ECLI:NL:RBZWB:2023:7645
Rechtbank Zeeland-West-Brabant
- Bodemzaak
- mr. Ponds
- Rechtspraak.nl
Beroep op rechtsverwerking in civiele procedure tegen Intrum Nederland B.V.
In deze civiele zaak, behandeld door de Rechtbank Zeeland-West-Brabant, heeft de kantonrechter op 1 november 2023 uitspraak gedaan in een geschil tussen een eiser en Intrum Nederland B.V. De eiser, vertegenwoordigd door mr. E.A.G. van Acker, vorderde onder andere te verklaren dat Intrum het vonnis van 23 juli 2014 onrechtmatig executeert en dat het door Intrum gelegde executoriaal beslag op zijn uitkering opgeheven moet worden. De eiser stelde dat hij gerechtvaardigd had vertrouwd op rechtsverwerking, omdat hij in de periode van 22 september 2020 tot 21 april 2022 niets van Intrum had vernomen, wat hem de indruk gaf dat Intrum de vordering niet meer zou incasseren.

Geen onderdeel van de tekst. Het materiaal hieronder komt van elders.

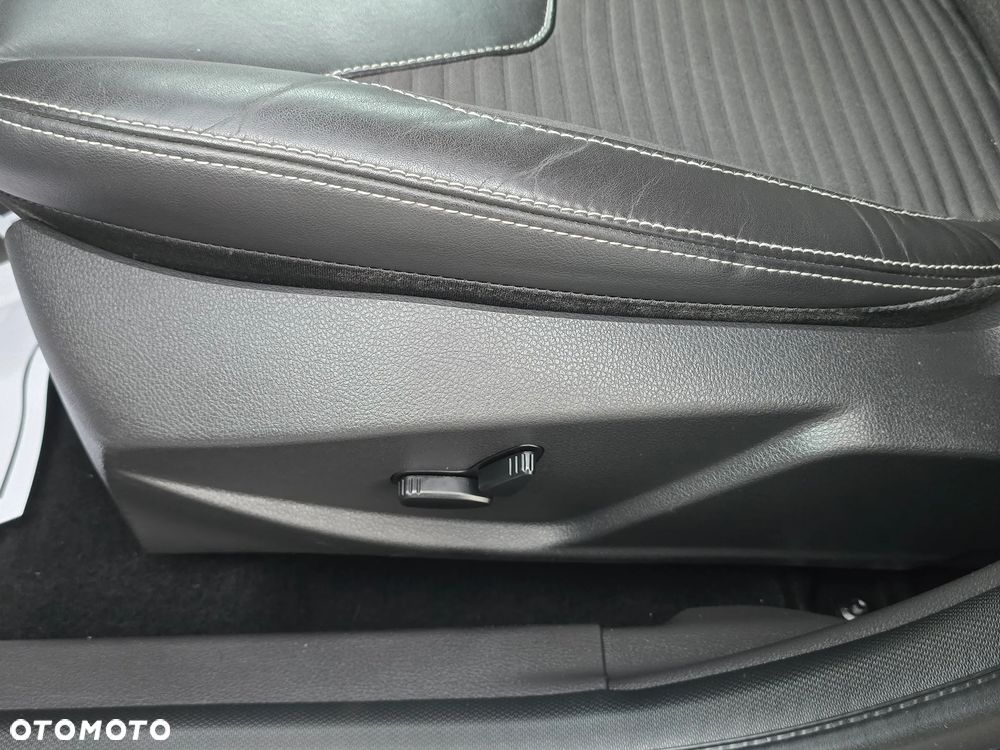 Ford Focus - 29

De kantonrechter heeft echter geoordeeld dat de eiser niet gerechtvaardigd mocht vertrouwen op het stilzitten van Intrum. De rechter oordeelde dat de e-mail en brief van LAVG, die de indruk wekten dat het dossier gesloten was, niet betekenden dat Intrum haar recht op incasso had prijsgegeven. De rechter benadrukte dat het stilzitten van de schuldeiser op zichzelf niet voldoende is voor een geslaagd beroep op rechtsverwerking. De eiser had ook meerdere keren verzocht om kwijtschelding van de vordering, wat de verwachting dat Intrum zou afzien van incasso onwaarschijnlijk maakte.
Uiteindelijk heeft de kantonrechter de vorderingen van de eiser afgewezen en hem veroordeeld in de proceskosten, die zijn begroot op € 200,00. Dit vonnis is uitvoerbaar bij voorraad verklaard.